Poorer residents are attracted by government incentives that make fruits and vegetables affordable — a key to reducing obesity. Food-stamp recipients get $2 in city Health Bucks for every $5 spent on fresh produce — racking up $2.2 million in sales this season.
State Fresh Connect checks and federal Farmers Market Nutrition Program coupons also lure the needy elderly, moms and babies.
But come November, these incentives vanish — nixing the buying power of the most vulnerable at the coldest time of year. Farmers can’t come if there’s no business.
On top of that, bureaucratic hassles, red tape and fees cripple the small community groups that run markets for the neediest, preventing them from operating year-round. They manage on shoestrings and struggle with city laws and permits. Most depend on vendor fees, fund-raisers, donations and grants.
Not all of market operators have those headaches. GrowNYC, a nonprofit, gets government, vendor and private funds to run 54 markets, plus youth farmstands, environmental and food access programs.
Yet only a fraction of these are in high-need food deserts.
And unlike GrowNYC, which has had a city contract since 2004 to operate year-round, all other farmers markets must exit public parks by Nov. 15.
That leaves about 25 outdoor markets open year-round citywide — 23 run by GrowNYC in upper-income Manhattan, Brooklyn and Queens neighborhoods.
Not one is in the Bronx — rated the state’s most destitute county.
Don’t our city’s unhealthiest deserve fresh vegetables and fruits in winter too?
Laudable public efforts are making produce easy and affordable for the poor. But lack of year-round cash incentives and frustration among groups trying to run markets in the city’s unhealthiest zones leaves residents swamped with convenience stores and fast-food outlets.
Take central Brooklyn. Just before Thanksgiving, a permit issue barred a farmer from Seeds in the Middle — a group I co-founded — from selling vegetables in Crown Heights parks. Our permit expired Nov. 15.
Maritza Owens is CEO of Harvest Home Farmers Markets, which runs 16 markets in Harlem, Brooklyn and the Bronx. She co-authored a 2011 report by Manhattan Borough President Scott Stringer, which cited the city for entangling community-based groups in red tape, excessive fees and costly parking tickets for farmers.
Harvest Home also cannot stay open year-round because less abundant produce in winter means higher prices. With no cash incentives, her customers can’t afford to buy.
Meantime, Washington could make matters even worse. Congress is considering yet another drastic cut in food stamps.
Why not offer year-round what works against malnutrition and obesity — food stamps, Health Bucks, Fresh Connect checks and federal coupons?

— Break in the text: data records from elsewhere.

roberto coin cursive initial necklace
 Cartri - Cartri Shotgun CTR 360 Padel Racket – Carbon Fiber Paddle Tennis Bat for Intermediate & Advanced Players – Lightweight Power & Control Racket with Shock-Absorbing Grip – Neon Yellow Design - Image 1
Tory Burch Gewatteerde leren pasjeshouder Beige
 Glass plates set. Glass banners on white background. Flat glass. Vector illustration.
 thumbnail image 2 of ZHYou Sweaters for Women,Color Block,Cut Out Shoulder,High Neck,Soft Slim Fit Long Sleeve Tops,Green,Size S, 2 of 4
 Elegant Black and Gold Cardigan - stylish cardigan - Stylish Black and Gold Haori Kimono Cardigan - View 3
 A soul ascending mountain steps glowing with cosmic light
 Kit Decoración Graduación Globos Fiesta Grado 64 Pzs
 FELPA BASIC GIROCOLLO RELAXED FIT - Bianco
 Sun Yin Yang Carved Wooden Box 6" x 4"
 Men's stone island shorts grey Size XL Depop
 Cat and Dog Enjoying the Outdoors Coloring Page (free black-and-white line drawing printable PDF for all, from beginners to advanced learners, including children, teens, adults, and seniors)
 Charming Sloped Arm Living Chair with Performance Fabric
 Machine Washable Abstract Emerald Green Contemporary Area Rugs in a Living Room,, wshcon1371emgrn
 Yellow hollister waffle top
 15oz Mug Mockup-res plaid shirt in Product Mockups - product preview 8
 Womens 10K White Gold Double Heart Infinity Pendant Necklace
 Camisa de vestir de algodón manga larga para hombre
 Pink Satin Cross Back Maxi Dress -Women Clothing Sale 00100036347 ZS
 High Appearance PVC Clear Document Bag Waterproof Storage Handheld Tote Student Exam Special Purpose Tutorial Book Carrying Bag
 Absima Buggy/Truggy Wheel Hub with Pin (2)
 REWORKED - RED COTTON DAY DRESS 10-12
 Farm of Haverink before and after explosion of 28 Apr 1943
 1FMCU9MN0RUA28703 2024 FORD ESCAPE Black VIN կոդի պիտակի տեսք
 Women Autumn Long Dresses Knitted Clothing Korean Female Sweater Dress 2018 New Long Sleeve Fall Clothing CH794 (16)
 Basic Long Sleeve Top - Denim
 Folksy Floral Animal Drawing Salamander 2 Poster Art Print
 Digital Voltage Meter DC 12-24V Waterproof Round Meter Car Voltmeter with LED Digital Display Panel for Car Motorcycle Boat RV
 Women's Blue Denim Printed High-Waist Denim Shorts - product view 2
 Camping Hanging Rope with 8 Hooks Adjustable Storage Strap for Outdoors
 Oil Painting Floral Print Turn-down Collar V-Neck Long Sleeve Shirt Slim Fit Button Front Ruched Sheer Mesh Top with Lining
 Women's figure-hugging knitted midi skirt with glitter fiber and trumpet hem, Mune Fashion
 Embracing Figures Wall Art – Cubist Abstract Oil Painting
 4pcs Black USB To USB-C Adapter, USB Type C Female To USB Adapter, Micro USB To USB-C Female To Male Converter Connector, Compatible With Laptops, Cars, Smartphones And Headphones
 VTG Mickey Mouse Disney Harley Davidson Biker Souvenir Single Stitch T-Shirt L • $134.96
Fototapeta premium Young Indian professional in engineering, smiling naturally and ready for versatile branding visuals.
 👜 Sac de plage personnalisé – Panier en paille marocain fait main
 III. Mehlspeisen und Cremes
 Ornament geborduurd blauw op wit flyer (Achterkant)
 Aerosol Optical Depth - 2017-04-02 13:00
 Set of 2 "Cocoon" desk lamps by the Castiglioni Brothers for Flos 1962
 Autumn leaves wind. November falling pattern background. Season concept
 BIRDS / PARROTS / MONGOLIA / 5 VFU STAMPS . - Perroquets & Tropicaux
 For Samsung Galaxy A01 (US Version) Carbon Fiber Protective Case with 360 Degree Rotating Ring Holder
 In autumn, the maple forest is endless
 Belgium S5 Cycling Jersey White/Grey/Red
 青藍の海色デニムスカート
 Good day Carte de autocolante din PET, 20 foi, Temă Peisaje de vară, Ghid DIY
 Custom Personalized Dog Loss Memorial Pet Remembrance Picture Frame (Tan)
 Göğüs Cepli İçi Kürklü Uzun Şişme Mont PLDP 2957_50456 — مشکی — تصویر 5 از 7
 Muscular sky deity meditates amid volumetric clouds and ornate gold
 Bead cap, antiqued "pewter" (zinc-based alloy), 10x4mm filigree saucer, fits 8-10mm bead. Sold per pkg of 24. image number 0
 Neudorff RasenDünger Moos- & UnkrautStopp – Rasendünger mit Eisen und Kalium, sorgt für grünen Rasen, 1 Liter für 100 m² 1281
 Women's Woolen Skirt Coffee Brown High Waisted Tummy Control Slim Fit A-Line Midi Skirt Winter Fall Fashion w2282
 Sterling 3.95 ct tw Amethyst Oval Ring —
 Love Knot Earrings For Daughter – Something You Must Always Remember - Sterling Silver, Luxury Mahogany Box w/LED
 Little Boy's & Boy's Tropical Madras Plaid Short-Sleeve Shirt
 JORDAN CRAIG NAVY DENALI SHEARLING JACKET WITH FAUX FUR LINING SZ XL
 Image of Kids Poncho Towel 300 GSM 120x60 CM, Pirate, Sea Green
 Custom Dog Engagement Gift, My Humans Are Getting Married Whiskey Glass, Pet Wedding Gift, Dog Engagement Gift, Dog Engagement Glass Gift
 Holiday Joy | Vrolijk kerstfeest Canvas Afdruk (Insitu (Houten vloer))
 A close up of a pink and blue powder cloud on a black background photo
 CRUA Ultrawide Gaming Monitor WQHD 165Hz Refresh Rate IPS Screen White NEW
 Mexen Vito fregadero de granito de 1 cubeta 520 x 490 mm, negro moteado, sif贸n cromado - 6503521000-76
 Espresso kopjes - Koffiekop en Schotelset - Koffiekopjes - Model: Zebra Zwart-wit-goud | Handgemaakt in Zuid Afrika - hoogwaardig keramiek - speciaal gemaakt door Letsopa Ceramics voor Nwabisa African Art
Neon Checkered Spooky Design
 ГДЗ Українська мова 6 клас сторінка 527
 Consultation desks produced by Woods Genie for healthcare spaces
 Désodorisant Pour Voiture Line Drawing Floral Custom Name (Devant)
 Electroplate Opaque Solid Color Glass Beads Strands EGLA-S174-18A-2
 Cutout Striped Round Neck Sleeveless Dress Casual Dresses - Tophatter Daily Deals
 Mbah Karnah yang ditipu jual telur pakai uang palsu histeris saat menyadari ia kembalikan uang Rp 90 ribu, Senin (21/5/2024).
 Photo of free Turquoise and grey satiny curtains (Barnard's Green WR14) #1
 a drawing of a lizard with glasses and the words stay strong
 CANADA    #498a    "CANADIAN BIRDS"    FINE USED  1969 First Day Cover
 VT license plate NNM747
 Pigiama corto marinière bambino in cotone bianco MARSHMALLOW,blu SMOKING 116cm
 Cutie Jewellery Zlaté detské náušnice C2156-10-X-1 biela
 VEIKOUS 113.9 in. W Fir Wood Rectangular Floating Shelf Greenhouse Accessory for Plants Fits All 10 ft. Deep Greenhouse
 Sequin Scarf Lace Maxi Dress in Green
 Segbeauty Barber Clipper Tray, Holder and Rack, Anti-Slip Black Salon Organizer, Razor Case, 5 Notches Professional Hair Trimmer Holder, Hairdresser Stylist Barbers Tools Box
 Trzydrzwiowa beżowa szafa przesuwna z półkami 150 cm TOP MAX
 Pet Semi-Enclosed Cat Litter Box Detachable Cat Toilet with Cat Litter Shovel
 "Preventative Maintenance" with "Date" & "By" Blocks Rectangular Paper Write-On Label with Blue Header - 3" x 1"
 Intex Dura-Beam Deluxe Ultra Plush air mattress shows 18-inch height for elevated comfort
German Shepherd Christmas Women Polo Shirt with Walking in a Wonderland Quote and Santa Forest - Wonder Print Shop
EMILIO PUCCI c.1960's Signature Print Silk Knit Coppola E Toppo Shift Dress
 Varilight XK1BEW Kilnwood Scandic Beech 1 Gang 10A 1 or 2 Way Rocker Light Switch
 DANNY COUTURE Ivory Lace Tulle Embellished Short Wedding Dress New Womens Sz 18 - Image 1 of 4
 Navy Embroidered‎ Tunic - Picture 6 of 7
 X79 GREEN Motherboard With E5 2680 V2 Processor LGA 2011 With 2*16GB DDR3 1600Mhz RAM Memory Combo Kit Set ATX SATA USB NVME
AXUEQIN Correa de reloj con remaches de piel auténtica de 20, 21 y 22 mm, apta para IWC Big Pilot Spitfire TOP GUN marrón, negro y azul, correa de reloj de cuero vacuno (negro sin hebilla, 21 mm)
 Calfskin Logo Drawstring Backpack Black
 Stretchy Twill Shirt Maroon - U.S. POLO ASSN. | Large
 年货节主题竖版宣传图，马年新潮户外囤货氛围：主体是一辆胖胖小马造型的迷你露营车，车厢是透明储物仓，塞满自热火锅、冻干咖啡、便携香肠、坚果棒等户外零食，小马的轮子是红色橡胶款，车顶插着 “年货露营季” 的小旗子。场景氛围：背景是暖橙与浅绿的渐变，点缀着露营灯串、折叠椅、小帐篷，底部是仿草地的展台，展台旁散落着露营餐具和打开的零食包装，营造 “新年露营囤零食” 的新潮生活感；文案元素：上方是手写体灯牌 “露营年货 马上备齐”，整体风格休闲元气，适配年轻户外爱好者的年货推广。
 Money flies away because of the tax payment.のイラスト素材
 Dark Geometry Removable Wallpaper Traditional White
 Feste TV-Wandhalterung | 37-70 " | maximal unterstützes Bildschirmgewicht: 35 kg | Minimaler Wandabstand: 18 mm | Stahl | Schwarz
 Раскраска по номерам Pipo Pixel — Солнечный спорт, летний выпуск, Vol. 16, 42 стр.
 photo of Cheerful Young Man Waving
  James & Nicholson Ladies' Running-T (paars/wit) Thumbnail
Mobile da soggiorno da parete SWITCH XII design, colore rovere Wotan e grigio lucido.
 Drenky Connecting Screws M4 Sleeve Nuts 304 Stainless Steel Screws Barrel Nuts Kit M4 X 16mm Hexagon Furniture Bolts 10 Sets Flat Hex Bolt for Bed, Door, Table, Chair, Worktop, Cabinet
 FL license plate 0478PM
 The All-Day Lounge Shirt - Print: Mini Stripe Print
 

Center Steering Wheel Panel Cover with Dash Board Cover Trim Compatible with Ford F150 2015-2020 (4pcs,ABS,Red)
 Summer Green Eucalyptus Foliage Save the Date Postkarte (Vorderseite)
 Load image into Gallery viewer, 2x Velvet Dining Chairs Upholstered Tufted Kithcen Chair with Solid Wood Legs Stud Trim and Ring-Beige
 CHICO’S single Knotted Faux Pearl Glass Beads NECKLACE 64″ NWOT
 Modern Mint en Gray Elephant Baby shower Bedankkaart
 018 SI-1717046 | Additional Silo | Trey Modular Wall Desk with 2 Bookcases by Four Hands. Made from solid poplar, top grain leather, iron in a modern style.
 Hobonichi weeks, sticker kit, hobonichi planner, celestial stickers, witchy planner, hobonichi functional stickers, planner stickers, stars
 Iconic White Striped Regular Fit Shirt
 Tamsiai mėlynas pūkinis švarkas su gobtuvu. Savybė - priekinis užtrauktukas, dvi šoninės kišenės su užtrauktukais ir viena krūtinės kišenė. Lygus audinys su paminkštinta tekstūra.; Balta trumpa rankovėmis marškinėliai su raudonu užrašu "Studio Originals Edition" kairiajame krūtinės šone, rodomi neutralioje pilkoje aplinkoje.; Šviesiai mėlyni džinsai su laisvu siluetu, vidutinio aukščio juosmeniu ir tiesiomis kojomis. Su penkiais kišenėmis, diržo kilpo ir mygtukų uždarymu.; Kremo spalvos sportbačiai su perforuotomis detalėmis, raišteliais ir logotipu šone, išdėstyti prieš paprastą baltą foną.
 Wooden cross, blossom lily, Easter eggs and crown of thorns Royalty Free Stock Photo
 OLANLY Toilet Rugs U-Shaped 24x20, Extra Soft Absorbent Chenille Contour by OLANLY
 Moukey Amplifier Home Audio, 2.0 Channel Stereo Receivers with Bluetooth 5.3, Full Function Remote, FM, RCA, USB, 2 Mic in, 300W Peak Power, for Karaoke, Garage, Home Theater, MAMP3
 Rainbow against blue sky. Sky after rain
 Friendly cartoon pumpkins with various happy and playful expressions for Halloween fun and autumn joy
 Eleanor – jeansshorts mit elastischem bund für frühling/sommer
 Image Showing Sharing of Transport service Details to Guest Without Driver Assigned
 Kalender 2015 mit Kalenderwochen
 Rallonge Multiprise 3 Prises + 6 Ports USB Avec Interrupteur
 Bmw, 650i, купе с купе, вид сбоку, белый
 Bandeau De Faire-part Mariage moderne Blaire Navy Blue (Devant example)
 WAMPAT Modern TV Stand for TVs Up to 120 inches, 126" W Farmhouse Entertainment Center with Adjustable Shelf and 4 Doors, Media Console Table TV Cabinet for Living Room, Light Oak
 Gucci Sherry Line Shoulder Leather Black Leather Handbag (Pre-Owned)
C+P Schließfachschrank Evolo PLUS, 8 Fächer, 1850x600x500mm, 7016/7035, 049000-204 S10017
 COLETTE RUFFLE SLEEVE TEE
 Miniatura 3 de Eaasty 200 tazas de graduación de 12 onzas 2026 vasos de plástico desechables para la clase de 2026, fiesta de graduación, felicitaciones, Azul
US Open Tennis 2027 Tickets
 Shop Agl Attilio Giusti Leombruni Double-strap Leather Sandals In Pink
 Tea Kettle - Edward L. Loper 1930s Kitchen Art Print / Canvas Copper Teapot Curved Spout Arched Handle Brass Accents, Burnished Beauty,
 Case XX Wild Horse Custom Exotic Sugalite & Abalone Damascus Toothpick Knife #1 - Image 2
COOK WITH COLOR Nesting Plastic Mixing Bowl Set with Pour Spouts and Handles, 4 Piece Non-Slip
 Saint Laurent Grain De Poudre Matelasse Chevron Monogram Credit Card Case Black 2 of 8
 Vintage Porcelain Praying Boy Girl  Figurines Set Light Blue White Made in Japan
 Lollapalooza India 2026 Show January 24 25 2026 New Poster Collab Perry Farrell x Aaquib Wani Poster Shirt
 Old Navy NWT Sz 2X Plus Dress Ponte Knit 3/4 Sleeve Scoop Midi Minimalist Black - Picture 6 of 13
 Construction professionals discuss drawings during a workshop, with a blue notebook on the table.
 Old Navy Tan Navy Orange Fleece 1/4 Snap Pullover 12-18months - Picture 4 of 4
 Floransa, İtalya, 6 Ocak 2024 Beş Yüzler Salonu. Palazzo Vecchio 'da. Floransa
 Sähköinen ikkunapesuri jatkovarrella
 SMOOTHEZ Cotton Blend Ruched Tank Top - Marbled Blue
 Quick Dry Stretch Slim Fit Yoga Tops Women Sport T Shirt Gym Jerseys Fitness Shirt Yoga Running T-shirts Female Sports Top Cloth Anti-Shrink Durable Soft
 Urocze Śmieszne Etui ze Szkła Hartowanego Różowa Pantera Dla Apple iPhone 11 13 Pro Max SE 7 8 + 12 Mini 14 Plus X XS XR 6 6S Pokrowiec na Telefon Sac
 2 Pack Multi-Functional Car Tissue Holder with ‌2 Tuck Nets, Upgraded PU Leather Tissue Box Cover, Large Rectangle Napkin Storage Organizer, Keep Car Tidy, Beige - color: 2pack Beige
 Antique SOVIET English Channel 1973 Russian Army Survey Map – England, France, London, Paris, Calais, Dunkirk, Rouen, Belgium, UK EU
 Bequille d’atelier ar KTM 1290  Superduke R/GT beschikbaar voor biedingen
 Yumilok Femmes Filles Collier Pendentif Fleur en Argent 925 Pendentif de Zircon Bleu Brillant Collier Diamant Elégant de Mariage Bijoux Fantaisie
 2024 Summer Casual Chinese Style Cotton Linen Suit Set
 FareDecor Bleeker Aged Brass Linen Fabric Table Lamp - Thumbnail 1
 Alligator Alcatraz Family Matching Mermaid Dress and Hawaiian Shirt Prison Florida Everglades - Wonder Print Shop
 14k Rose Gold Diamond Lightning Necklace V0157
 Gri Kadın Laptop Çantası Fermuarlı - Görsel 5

I see some green shoots. Sources recently told me that, for the first time, offering year-round park permits to more markets “is being explored.”
Let’s press the city to issue permits, even through the winter, to have farmers markets in far more parks and on busy street corners. Everyone in the Big Apple deserves an apple all the time.
Katz, a former Daily News staffer, is an investigative journalist and co-founder of Seeds in the Middle, a nonprofit that works to empower students and schools to get healthy.